I am near enough finished with my set-up now and am really happy with what I've got.

USA Fender Highway Tele, DS-1, You Dirty Rat. Fender Blues Deluxe, AT4040, SM57 Saffire 6, FL Studio, KRK Rokit 5's.

From what I've read though, every room should be treated acoustically. I've read a book recently by Mike Senior and he says if you don't sort out the room you lose half the price of your speakers right up front. That has really stuck with me and I think I want to tackle this now.

I have a major problem(I think) in that I am trapped in an alcove and have nowhere else to put my PC. If I were guessing then I would say this would cause major bass resonance issues. But being so new to this game I have no objective reference points or past knowledge with which to know.

I don't know how it's 'supposed' to sound ideally.

As I'm mixing it sounds good. But then again it could be due to where the speakers are, giving a false impression because of the rooms acoustics. If it was that I wouldn't know any different as I have no access to any cd players(Although I'm going to try my iPod) to guage what's different between the two.

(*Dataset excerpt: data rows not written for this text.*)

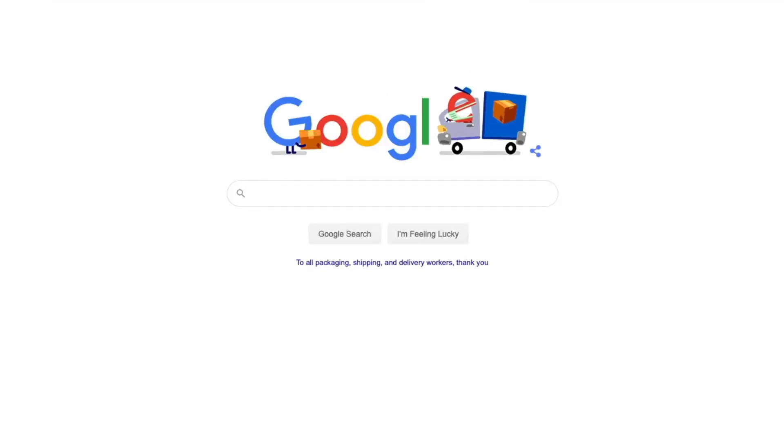In fact, Google used their doodles today as a way to thank those who are on the front lines of continuing to serve us during this global crisis. And among those many heroes are those people that are in the packaging industry — people that are creating the packages and people that are shipping the packages, keeping us all supplied at home.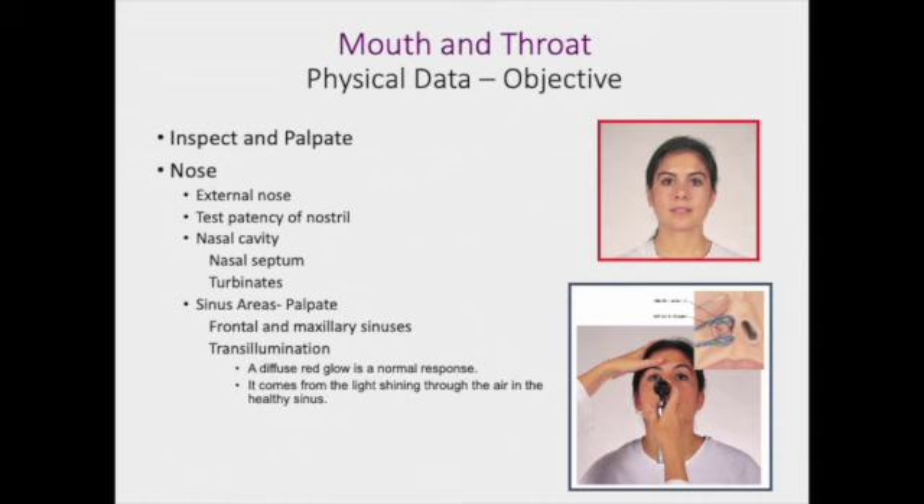First, you will inspect and palpate the nose. You are checking the external nose for any skin issues, breaks, lesions, any masses, or any abnormal findings of that skin. You are testing the patency of the nostril — to do this, you are going to occlude one nostril, have them take a breath in, then occlude the other nostril and have them take a breath in. Make sure that they are passing good air exchange from both nostrils.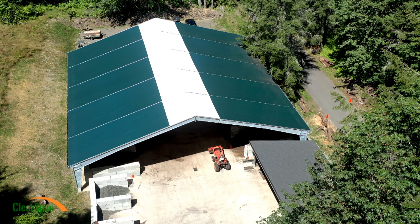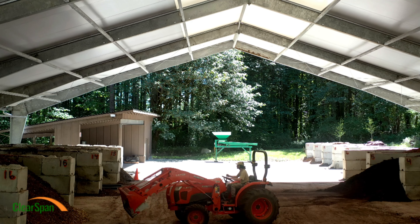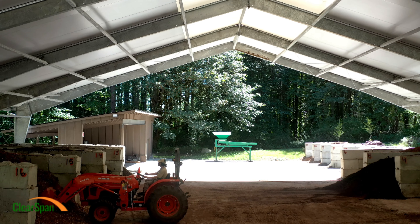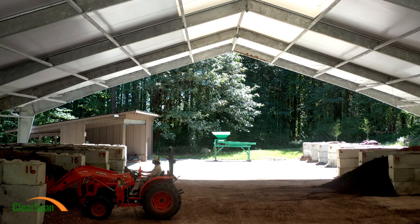The clear span structure here has helped us expand our capacity for composting. It's also cut our production time and improved the quality of our compost. It's also saved us a lot of money and has helped us reduce the spread of harmful plant diseases. We love the clear span structure here.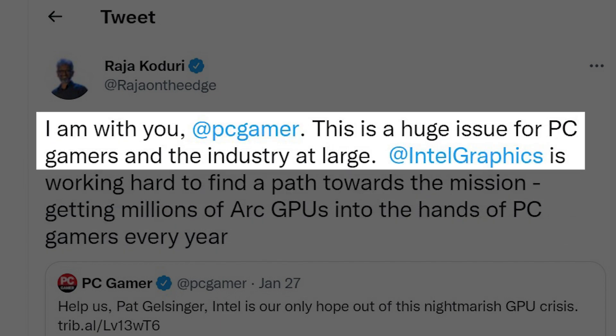He acknowledged that the GPU shortage is a huge issue for not only PC gamers but also for the industry. So, according to him, Intel is trying its best to produce a lot of graphics cards to ease the situation.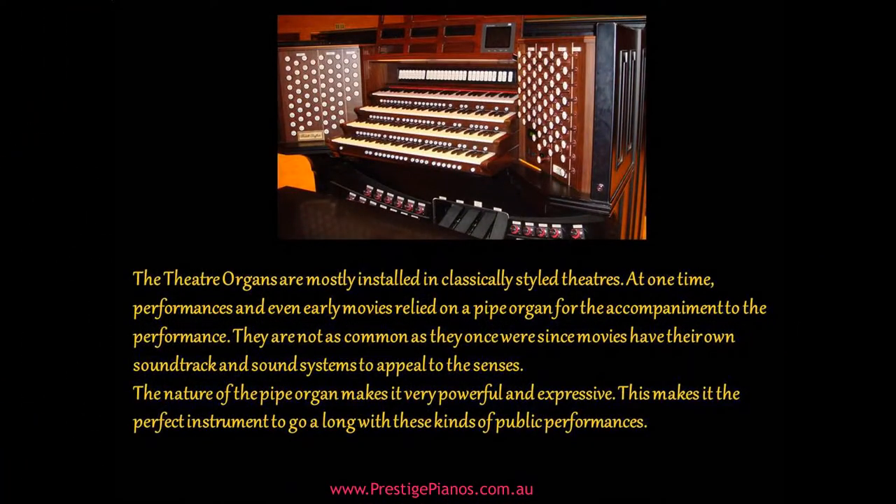Theater organs are mostly installed in classically styled theaters. At one time, performances and even early movies relied on a pipe organ for accompaniment. They are not as common as they once were, since movies now have their own soundtrack and sound systems to appeal to the senses.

I am also going to start comparing other records - Nevermind as an example as to what my sound sounds like, if you know what I mean.

If you guys could help me and look at the pictures of the my room on my flickr site:

http://www.flickr.com/photos/ste20man/?saved=1

and give me your visual opinion on what could be wrong(Bass / Treble?) and what you would do to change treat this space as best as possible I'd be really grateful.

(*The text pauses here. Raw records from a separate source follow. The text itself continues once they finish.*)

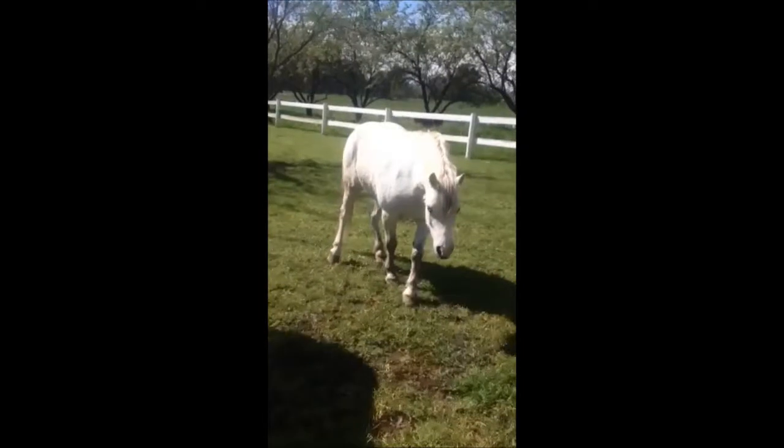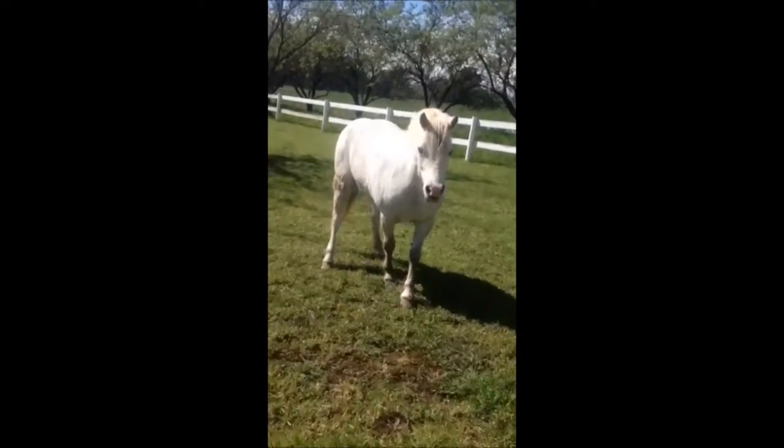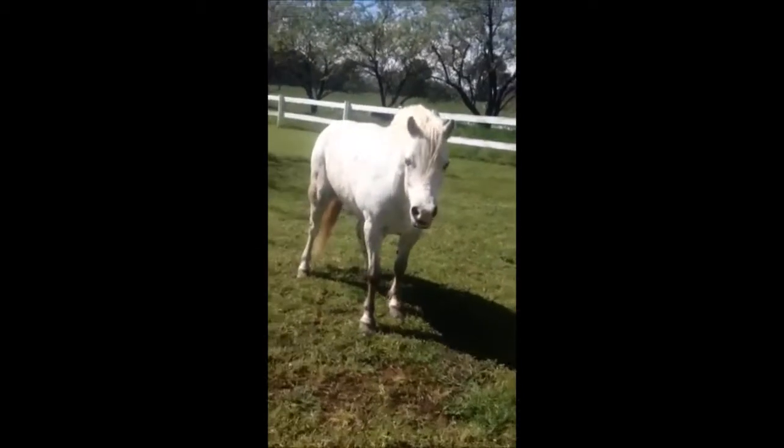This video was sent to us from Neville, a farrier in Australia, who used it on Nettie, a Welsh pony. In this clip, taken before the hoof stitch was applied, you can see that Nettie is in a foundered stance and looks pretty uncomfortable.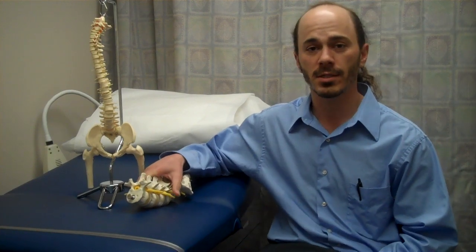Lumbar facet syndrome is a type of arthritis in the joints in the back. It's a relatively common diagnosis. A lot of people don't know about it because most of the information out there is about lumbar disc pain and nerve pain. So this one is often a misdiagnosis.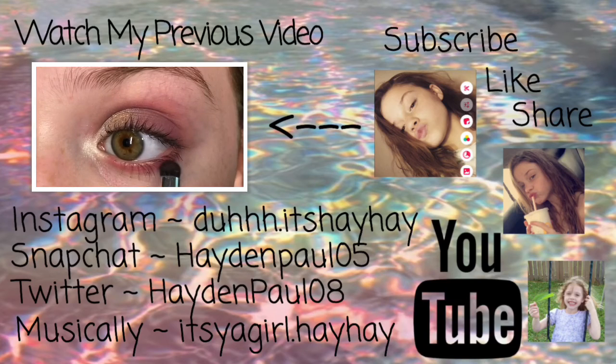I hope you all liked watching this video. Make sure you give it a thumbs up, go down below and hit that subscribe button, and hit that bell to turn on my notifications. Share this with all your friends because I need the views. Princess Hey Hey is out!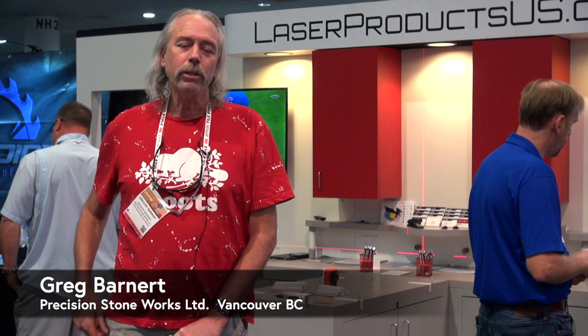My name is Greg Barnard. I'm from Precision Stoneworks in Vancouver, Canada. Oh, this equipment has helped us amazingly. We got it about seven, eight years ago.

I have been looking around at soundproofing material and came across this company where I think this product could coverall behind the PC and speakers. To be honest I don't know why this particular bundle. To me it looks value for money but as to why I should go for this particular one, I don't know:

http://www.dolphinmusic.co.uk/product/35735-auralex-d36-dst-roominator-charcoal-.html

Any ideas would be more than welcome. Cheers, Ste. :-)

stainless:
this is like the proverbial Pandora's Box- 

"rule of thumb"  <sigh> is that parallel opposing walls should not both have hard surfaces... and often it's "felt" desirable to not have a reflective surface at 'your back"

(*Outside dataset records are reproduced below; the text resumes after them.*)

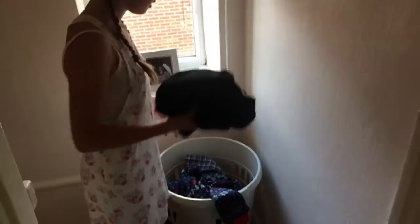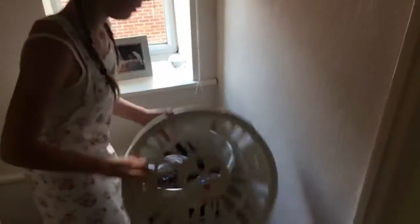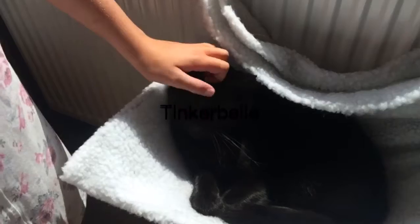Afterwards I'd have to do one of my chores off my chore list, so I go down and check what it is. After that I put all my dirty washing in the wash basket. Then we'd go and see how the cats are doing — hello Bella, hello Tinkerbell!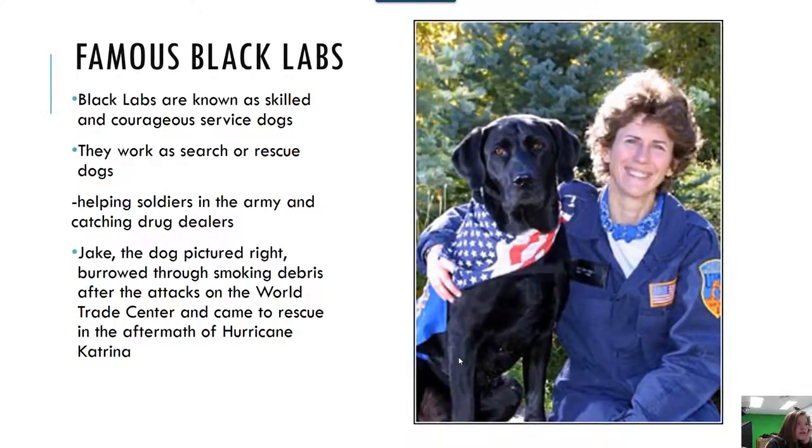Famous Black Labs. Black Labs are known as courageous service dogs. They work as search or rescue dogs. They help soldiers in the army and catch drug dealers. Jake is the dog pictured, and he burrowed through smoking debris after the attacks on the World Trade Center, and came to rescue in the aftermath of Hurricane Katrina. Thanks for watching.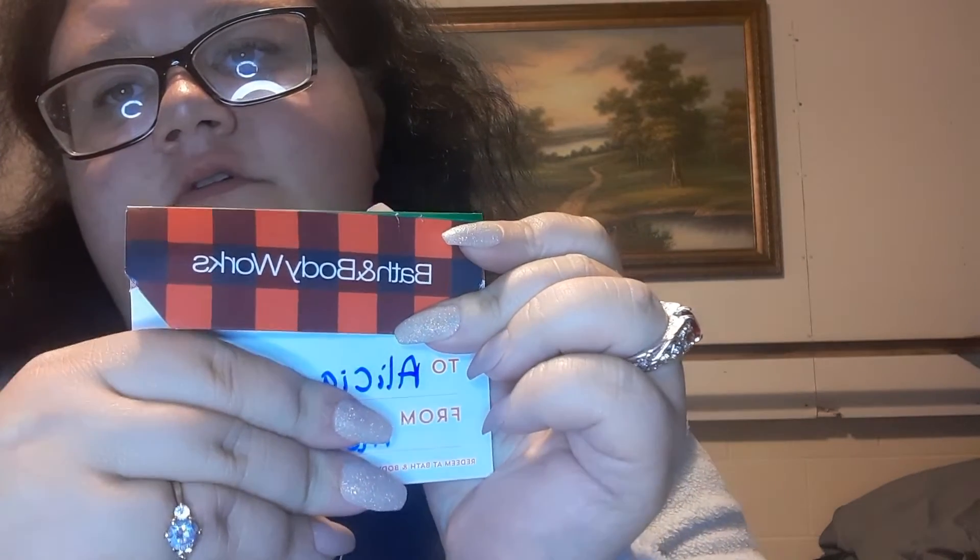I'm just covering up her boyfriend's name — I don't know if he wants his name to be shown on YouTube or not. They also got me a $60 gift card to Bath and Body Works.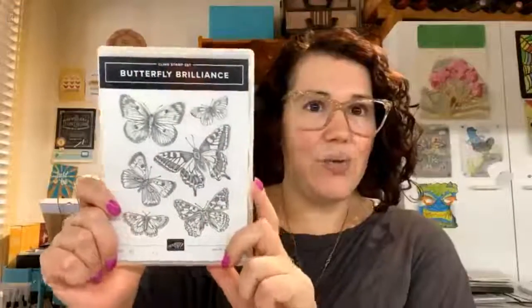So the stamp sets we're working with today are Butterfly Brilliance — which is wonderful, I've shown quite a few cards with this — and Watercolour Shapes. For the cards I've already made I also used Biggest Wish for the sentiment, so I'll grab that down as well. A reminder: any products I use today are available to purchase in my store if you're in Australia, and if you don't have a demonstrator anywhere else in the world, I've got contacts — just drop me a line.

corners are problematic for low freq, so bass traps are used... and there's numerous designs and opinions on what works best, and my own completely un-scientific opinion is the wall construction of the corner walls (and ceiling and floor) have an effect of how well a design may work.

There are room mode calculators on-line that will allow you to get a general idea of what frequencies will be the most problematic in a room  of your dimensions, but keep in mind many of this are based on all flat walls (no windows, doors, book-cases, etc)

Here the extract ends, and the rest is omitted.